After the newspaper got in touch, Airbnb gave back all the money, the Guardian reported. One reader said: “That’s not allowed in the Airbnb rules. A price is quoted, you book it, pay for it and that is that. I have used Airbnb 100s of times and I’ve never heard of the price being adjusted after you pay for the booking.”

The young woman is far from the only person to encounter issues when trying to book a holiday home. Last week a mum explained how how she ended up bursting into tears after realising she had taken her family to a fake holiday home after falling for an online scam.

On Christmas Day Leanda Parrott excitedly told her family that they would be heading to the seaside for a New Year’s holiday, prompting the four little ones to race off and pack their bags. Several days later, ahead of the turn of 2024, the six of them hopped in the car and drove two and a half hours to the Sussex destination.

It was only when Leanda knocked on the door that she realised something was wrong. “The home owner came out and said ‘I’m sorry to tell you but we’ve had 10 families turn up just today and yesterday and this is our family home’,” Leanda explained on ITV’s Holidays: Get Away for Less.

“I was just in shock. I remember looking at the car, at my kids’ faces, and I just started crying on the man’s doorstep because I thought, ‘I’ve got to tell them that we’ve got to drive home now’.”

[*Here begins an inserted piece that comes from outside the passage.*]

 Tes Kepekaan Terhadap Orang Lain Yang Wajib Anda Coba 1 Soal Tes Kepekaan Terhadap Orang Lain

Leanda had spotted an advert for the three bedroom home with a hot tub – close to a river and just a short walk from a beach – on Facebook. It was listed as costing £200 for three days. When the mum contacted the seller she received a reply from a woman in five minutes. Her concerns that it was a scam were allayed when the host said she’d accept payment over Paypal Goods, which offers extra consumer protection.